The Protestant state determined every aspect of our daily lives. Everything was shut down on Sundays for example. It was the Sabbath and we were all supposed to stay home and read the bible. When I was about ten years old, my parents took me and my younger brother to visit relatives in Belfast. They lived on the Ravenshill road opposite a large park. It was a Sunday afternoon and bored by the adult conversation, we decided to go out to play. However, when we got to the park gates we found to our confusion and disappointment, that they had large chains and a padlock on them. You were not allowed to enjoy yourself on Sunday. Of course, Catholic/nationalists played Gaelic games on Sundays and made their own enjoyment despite all shops and public houses being closed.
That was the nature of the Northern Ireland that I was born into. A place that was created with an artificial Protestant/unionist majority. Where the electoral system was rigged to maintain Protestant/unionist rule. All state schools were Protestant only and so the Catholic church set up its own schools and so from day one, schools were segregated according to religion.
Even up to the present day, over ninety percent of schools in the six counties remain segregated. In addition to the armed RUC, there was an ‘Orange’ militia, the ’B’ specials armed with rifles and sten guns. I was stopped by these men when riding my bicycle along the road as a child. They asked me my name, where I was going to and coming from. As well as all this, there was also a garrison of British army troops stationed there from the formation of the state.
In the 1950’s and 60’s, unemployment was extremely high across the province. In some places it was almost forty percent. Most of the jobs were in shirt and carpet factories that employed mostly women. Generations of men never worked, they raised the kids and kept house while their wives went out to work. Poverty and discrimination were rife and most young people left for foreign parts as soon as they were able.
Like many others before me, I took the boat for England in 1966 just before the trouble started. I began work as a nurse in the NHS and only ever went back home for holidays. I was always astonished at the lack of knowledge of many British people about Ireland. I discovered that most people in Britain had no idea about Irish geography or politics, they would ask me where I was from and when I said County Down, they would say “Is that north or south”? People would ask me what was going on ‘over there’ and when I tried to explain it to them, they would get upset. I was also puzzled when they would say, “two things you shouldn’t talk about in pubs, are politics and religion”. Where else does the working man and woman gather to discuss those things? They were in fact self-censoring, agreeing to never talk about them at all, hence the level of ignorance.

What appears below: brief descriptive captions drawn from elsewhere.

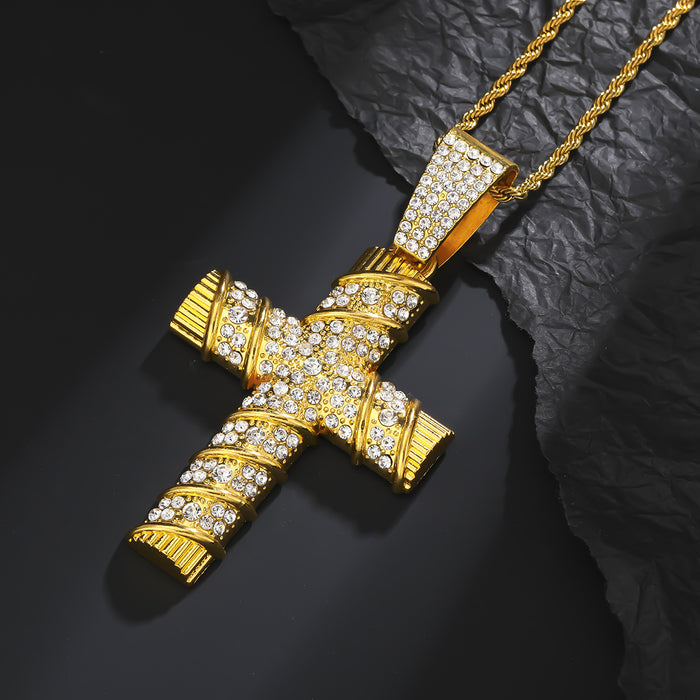 Wholesale New Personalized Full Diamond Cross Pendant Cuban Necklace Street Pendant Accessories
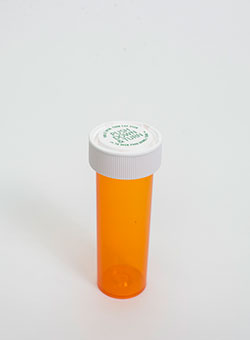 20 Dram Amber Vial and Cap, Reversible Plastic Prescription Vials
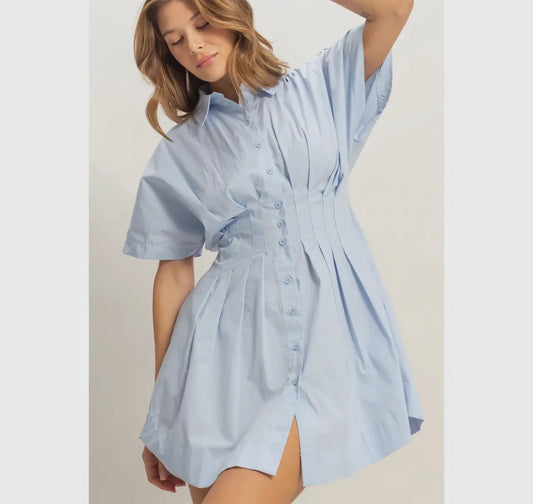 Blue button up dress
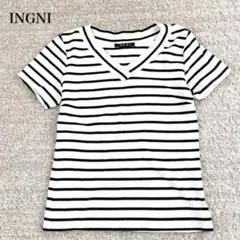 イング 半袖カットソー クロップド丈 Vネック ボーダー柄 リブ編み コットンのサムネイル
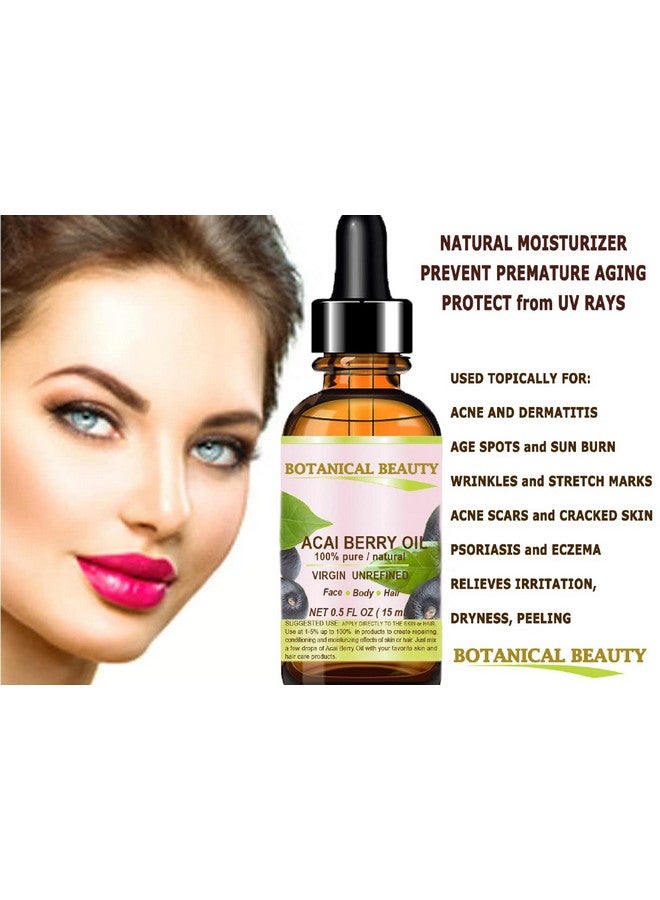 Botanical Beauty Acai Berry Oil 100% Pure Natural Virgin Unrefined Cold Pressed Carrier Oil. 1 Fl.Oz30 Ml. For Face Skin Hair Lip Nails. Rich In Vitamin E - Image 3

This book is an attempt to give the general reader a picture of the history of Ireland and Britain that has led us to the current position and hopefully makes the argument that Britain has no right to remain in any part of Ireland.
The tactics Britain used to keep control over Ireland were always unacceptable. The running of death squads during the 1970’s is now well established and in the modern world the Irish people have the right to have the country reunited and take its rightful place among the nations of the world.